Es de justicia empezar diciendo que la película sale victoriosa de la batalla. Una vez superada la torpeza del prólogo (a todas luces innecesario) y aceptado el inevitable formato televisivo que asoma en algunas secuencias, todo fluye con naturalidad. Guionistas y director consiguen la dura proeza de condenar, compadecer y denunciar sin sermonear, edulcorar ni sentenciar. Nada resulta exagerado en La mort de Guillem. Los personajes caminan solos, su personalidad va construyéndose gracias a las sutiles acciones que ellos mismos parecen conducir. Y es que, a pesar de la gravedad de los hechos, la acción avanza con cuidado, sin escabro ni grandilocuencia. De hecho, esta es una de las pocas veces en que una película rodada íntegramente en catalán consigue deshacerse por completo de aquellos dejes teatrales tan desagradablemente reconocibles en (casi) cualquier producción de TV3. También da buen resultado la decisión de alejarse de la cámara en mano y del montaje picado que caracterizaron los primeros trabajos de Marqués-Marcet, para trabajar con encuadres estáticos, iluminados en sugerentes claroscuros.
Es gracias a todo ello que La mort de Guillem puede permitirse ser combativa: porque es un producto bien hecho.
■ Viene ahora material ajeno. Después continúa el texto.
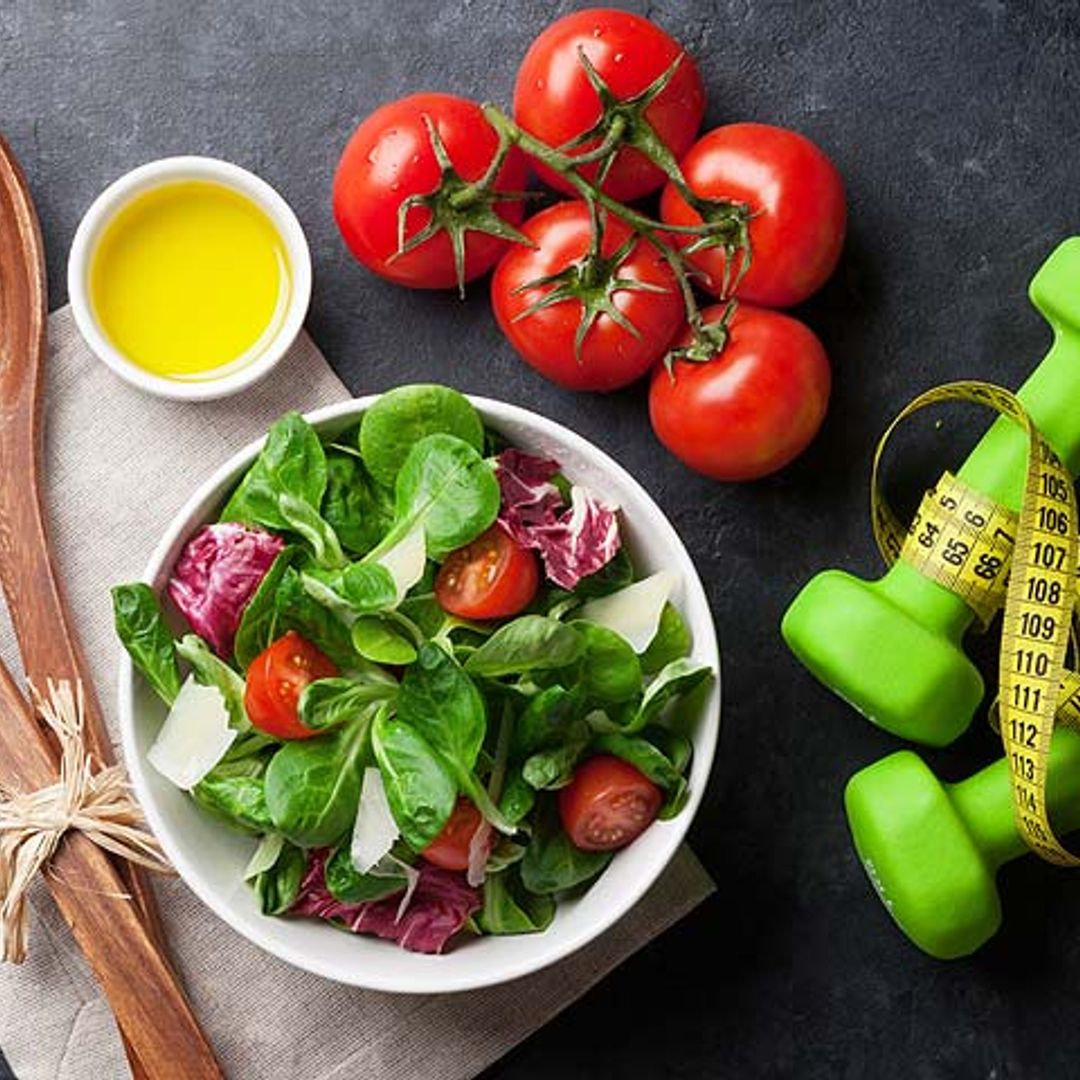 Lo que jamás debes cenar si quieres perder grasa (según los expertos en fitness)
Su carácter disconforme no se reduce a cuatro gritos de indignación, sino que nace de la cuidadosa reconstrucción de un proceso legal (y familiar) que tuvo una triste resolución. Sobre todo porque nos recuerda lo lejos que seguimos de esta España democrática y divorciada del fascismo que algunos tratan de vendernos. Por ejemplo, no resulta difícil encontrar paralelismos entre el proceso judicial de los asesinos de Agulló y las arbitrarias detenciones de independentistas que tuvieron lugar en octubre de 2019: la criminalización de una ideología, la violencia explícita disfrazada de “discusión entre iguales”, el indisimulado escarnio de los medios de comunicación hacia el bando más desprotegido, las dificultades que tiene el independentismo (todavía hoy) por ganar su derecho a existir sin justificarse una y otra vez… Sólo cabe esperar que esta vez no sea necesario que transcurran 25 años para que la denuncia pueda formularse sin rubor. «Guillem Agulló, ni oblit ni perdó».